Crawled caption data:
┄┄┄┄┄┄┄┄┄┄┄┄┄┄┄┄┄┄┄┄

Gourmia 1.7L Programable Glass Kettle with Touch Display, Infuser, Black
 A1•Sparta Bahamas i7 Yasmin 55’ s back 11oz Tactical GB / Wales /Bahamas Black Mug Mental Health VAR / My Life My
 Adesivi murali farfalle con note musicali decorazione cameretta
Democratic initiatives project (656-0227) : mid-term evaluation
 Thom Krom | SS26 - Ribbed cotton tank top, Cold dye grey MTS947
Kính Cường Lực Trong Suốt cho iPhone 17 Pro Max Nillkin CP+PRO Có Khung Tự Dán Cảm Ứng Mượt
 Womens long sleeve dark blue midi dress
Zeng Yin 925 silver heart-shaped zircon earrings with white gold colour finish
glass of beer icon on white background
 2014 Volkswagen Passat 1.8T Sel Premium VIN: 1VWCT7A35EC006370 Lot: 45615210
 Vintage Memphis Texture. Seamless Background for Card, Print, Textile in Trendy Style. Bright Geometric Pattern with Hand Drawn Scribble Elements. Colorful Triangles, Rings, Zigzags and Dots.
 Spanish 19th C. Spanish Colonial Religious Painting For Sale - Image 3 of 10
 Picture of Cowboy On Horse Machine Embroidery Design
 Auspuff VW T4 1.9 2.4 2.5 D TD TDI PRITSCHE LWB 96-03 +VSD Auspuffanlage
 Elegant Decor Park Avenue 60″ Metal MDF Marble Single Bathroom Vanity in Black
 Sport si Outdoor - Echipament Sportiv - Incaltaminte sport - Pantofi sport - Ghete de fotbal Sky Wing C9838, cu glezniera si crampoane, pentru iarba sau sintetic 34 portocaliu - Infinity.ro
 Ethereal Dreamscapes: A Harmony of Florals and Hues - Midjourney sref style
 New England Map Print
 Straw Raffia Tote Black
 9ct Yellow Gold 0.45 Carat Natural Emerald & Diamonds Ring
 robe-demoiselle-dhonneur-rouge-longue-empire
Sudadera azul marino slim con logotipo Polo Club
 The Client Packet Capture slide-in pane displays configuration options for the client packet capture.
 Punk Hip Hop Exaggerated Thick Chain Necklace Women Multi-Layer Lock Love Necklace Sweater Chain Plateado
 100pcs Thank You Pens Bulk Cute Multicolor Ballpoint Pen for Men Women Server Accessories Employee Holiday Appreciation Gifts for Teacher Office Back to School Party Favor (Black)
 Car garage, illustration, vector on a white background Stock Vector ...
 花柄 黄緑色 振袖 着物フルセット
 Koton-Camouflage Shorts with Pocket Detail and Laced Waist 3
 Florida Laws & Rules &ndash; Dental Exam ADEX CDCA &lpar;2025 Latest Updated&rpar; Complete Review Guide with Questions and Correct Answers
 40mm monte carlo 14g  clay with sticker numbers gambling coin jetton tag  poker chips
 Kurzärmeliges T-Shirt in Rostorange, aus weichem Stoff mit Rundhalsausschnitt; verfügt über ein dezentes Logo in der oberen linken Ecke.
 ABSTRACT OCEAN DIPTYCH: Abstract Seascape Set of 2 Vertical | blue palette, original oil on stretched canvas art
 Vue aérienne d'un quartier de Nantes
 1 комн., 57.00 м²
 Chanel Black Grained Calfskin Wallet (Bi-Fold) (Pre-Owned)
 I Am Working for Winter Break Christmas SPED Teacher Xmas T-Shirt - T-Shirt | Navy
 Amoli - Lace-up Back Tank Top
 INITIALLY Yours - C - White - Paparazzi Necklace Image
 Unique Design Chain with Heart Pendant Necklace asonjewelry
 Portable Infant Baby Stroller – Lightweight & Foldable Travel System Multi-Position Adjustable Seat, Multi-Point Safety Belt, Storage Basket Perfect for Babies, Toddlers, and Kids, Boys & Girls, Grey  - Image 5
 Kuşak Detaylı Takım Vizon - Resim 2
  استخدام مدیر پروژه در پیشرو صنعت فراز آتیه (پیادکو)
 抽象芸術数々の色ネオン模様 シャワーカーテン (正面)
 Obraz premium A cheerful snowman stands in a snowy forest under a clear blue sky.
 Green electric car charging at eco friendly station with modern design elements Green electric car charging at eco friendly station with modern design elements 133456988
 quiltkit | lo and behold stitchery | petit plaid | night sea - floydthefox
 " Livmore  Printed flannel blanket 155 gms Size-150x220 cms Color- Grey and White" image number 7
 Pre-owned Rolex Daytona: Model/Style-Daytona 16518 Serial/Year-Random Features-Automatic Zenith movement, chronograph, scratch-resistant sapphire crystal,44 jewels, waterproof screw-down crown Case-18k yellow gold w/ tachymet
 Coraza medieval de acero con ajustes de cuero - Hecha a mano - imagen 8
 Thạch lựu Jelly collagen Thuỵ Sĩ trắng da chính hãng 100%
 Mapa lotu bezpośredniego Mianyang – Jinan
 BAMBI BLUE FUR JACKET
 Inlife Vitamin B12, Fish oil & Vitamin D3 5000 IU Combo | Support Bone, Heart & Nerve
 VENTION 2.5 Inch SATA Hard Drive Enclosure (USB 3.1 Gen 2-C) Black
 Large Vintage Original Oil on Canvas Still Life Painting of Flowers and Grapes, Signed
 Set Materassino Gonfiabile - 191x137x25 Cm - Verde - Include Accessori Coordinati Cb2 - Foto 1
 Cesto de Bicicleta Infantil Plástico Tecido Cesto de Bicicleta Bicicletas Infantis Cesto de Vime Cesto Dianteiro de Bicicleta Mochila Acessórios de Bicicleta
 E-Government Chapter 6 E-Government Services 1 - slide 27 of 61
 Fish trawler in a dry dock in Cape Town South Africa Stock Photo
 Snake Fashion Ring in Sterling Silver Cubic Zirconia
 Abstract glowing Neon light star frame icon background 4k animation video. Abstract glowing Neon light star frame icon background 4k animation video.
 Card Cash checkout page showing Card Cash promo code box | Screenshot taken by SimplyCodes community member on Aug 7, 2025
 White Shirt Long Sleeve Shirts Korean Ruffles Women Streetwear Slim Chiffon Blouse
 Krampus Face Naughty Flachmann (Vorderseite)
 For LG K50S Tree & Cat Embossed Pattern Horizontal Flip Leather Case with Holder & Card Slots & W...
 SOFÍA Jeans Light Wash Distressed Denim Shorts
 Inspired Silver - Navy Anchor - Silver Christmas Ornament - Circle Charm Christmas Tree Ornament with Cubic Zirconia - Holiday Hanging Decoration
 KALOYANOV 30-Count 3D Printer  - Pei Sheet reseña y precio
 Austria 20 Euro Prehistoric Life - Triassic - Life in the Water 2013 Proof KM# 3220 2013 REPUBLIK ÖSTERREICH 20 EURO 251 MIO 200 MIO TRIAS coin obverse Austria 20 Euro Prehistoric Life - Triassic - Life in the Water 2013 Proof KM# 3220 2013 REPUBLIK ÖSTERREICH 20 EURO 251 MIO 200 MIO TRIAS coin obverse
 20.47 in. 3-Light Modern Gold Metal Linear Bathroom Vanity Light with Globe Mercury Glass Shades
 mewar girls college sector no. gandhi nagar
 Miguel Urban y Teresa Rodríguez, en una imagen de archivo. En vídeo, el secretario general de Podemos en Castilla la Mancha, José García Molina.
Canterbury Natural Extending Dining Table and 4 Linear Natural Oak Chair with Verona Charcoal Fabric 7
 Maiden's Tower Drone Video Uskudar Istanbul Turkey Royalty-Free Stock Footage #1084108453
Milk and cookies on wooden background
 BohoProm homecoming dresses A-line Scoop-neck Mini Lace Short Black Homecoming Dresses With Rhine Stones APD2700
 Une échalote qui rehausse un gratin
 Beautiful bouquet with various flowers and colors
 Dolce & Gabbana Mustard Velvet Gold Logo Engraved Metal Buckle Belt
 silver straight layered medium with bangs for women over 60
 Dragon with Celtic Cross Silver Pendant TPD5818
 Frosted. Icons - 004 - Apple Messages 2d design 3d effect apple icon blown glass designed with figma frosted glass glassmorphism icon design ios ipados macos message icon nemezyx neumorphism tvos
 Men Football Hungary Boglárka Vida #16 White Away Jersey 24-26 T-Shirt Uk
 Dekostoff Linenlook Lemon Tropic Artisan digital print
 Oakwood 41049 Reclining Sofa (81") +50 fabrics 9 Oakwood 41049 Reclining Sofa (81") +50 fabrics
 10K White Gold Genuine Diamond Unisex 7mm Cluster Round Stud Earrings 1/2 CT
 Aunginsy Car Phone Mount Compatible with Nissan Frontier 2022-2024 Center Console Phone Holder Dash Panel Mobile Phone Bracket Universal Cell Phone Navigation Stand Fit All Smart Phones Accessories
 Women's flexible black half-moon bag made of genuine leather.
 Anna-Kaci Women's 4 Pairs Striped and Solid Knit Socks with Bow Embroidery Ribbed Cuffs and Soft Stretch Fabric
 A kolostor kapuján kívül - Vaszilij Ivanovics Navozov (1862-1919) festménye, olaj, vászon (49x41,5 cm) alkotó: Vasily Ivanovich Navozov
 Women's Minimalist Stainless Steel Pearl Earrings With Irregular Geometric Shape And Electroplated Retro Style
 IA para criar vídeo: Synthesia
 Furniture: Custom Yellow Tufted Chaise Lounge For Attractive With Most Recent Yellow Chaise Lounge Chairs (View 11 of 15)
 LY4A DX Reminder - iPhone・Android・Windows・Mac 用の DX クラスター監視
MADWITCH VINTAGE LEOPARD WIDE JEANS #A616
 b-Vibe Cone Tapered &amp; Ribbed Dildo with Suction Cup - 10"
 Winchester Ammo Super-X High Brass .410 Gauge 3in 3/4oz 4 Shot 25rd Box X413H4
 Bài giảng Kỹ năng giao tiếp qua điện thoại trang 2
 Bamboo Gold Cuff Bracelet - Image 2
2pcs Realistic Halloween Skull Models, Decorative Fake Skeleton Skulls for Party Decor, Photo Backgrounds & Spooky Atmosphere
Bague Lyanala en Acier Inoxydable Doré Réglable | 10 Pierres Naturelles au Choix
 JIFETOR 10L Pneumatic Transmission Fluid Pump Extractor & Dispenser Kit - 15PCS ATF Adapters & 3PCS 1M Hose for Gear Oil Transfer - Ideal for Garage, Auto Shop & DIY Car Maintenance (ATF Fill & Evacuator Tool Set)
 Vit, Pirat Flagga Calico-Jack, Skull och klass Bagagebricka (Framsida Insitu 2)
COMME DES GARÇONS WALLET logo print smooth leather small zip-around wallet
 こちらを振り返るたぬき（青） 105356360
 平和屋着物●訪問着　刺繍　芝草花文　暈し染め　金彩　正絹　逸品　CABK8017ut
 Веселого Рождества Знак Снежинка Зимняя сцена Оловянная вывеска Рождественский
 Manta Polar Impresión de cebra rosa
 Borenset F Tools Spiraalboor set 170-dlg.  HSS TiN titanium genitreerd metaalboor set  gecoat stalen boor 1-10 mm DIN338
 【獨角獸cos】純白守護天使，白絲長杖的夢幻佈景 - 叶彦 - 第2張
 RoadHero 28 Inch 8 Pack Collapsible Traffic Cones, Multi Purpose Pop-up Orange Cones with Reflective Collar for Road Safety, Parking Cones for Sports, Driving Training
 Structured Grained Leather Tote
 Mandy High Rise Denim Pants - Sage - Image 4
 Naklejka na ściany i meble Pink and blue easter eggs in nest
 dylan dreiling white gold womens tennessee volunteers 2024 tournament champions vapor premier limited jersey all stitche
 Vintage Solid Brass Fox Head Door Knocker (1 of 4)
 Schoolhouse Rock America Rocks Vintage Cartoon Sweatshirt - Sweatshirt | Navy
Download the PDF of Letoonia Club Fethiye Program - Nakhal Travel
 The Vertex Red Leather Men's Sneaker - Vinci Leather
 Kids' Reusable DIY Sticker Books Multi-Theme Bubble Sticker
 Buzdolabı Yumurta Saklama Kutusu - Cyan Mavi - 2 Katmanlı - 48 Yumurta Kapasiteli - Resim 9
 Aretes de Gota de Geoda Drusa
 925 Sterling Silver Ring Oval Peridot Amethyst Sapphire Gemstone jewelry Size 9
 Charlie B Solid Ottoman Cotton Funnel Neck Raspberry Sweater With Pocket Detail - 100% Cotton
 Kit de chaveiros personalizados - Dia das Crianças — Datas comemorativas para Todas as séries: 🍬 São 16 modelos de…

┄┄┄┄┄┄┄┄┄┄┄┄┄┄┄┄┄┄┄┄

= TASK =
The answer should be a single number: the count of lines in the data that include the string "Pocket".

= OUTPUT OF THE TASK =
2